Breathing and relaxation
Deep breathing and relaxation techniques can help to calm us and aid our ability to drift back to sleep when we aren’t able to stay asleep. You could try concentrating on tensing each part of your body, moving from your toes, up your legs to your stomach and buttocks and up and down your arms in a methodical way. Tensing each muscle for a few seconds before releasing can help us to relax and as we work our way around our bodies we may find we drift off to sleep again.
Cover your clock
Sometimes knowing what time it is can keep us awake. If we wake at 3am we start to think about how long we have until we need to get up and that we’ll be tired in the morning and so we try hard to get back to sleep.

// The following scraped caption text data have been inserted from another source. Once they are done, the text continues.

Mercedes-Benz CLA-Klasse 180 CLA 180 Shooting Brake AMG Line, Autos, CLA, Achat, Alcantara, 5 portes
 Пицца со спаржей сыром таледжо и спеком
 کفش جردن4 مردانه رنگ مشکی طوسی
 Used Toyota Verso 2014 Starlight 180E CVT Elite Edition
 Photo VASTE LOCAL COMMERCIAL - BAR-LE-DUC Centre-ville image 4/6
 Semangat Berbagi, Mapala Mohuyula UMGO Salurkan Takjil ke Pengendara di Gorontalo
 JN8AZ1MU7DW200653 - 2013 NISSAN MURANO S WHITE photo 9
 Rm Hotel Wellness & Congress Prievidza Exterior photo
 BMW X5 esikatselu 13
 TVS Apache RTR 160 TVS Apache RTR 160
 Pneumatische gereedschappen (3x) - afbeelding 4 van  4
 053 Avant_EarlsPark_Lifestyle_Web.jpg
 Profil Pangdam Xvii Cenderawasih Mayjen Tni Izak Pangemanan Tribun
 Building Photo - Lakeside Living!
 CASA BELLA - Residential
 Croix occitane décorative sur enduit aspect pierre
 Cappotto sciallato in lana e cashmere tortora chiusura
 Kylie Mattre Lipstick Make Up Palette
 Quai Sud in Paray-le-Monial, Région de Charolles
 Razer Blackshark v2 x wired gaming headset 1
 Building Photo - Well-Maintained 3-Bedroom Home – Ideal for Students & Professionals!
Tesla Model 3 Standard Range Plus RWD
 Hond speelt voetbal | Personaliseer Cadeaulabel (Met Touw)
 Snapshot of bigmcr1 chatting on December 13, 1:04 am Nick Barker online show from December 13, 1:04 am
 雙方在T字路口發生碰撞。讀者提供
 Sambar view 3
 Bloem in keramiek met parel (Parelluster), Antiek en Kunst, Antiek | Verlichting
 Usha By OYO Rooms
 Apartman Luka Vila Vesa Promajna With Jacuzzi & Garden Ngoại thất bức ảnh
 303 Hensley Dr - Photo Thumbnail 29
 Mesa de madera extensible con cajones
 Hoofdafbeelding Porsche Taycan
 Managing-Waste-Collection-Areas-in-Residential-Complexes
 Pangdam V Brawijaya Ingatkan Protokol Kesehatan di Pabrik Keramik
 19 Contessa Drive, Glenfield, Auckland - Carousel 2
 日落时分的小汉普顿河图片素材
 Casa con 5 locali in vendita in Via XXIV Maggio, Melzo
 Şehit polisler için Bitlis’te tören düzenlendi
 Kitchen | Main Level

The harder we try to sleep the less likely it becomes that we can. Not knowing what time we woke up can help to keep the mind quiet and stop thoughts being triggered so we can return back to sleep again.
Somethings should NEVER be done if you wake in the night if you’re not able to stay asleep.
Never reach for your phone or use any type of screen as the light will wake you even more and make it difficult to get back to sleep.
Don’t turn the lights on and start busying yourself with a detailed task if you get up because you’re not able to stay asleep. This will make it even more difficult to get back to sleep again or to allow yourself to feel sleepy enough to get back into bed. Instead do something that doesn’t require too much thought like knitting, drawing or reading.
Try not to lie there worrying about going back to sleep. Although this is easier said than done, if you can turn your thoughts to thinking about some good memories, something calm or focusing on relaxing, you’re more likely to be able to get back to sleep.
Know that we all wake up for a couple of minutes between each sleep cycle but we’re not always aware of it. If you’re awake for two minutes or five minutes, it makes no difference to your sleep as we’re meant to wake up in between sleep cycles. So if you need to get up to visit the bathroom or you’re aware you’ve woken that’s OK. It’s nothing to worry about. Your sleep won’t suffer and because you now know it won’t make any difference you can just go back to sleep again.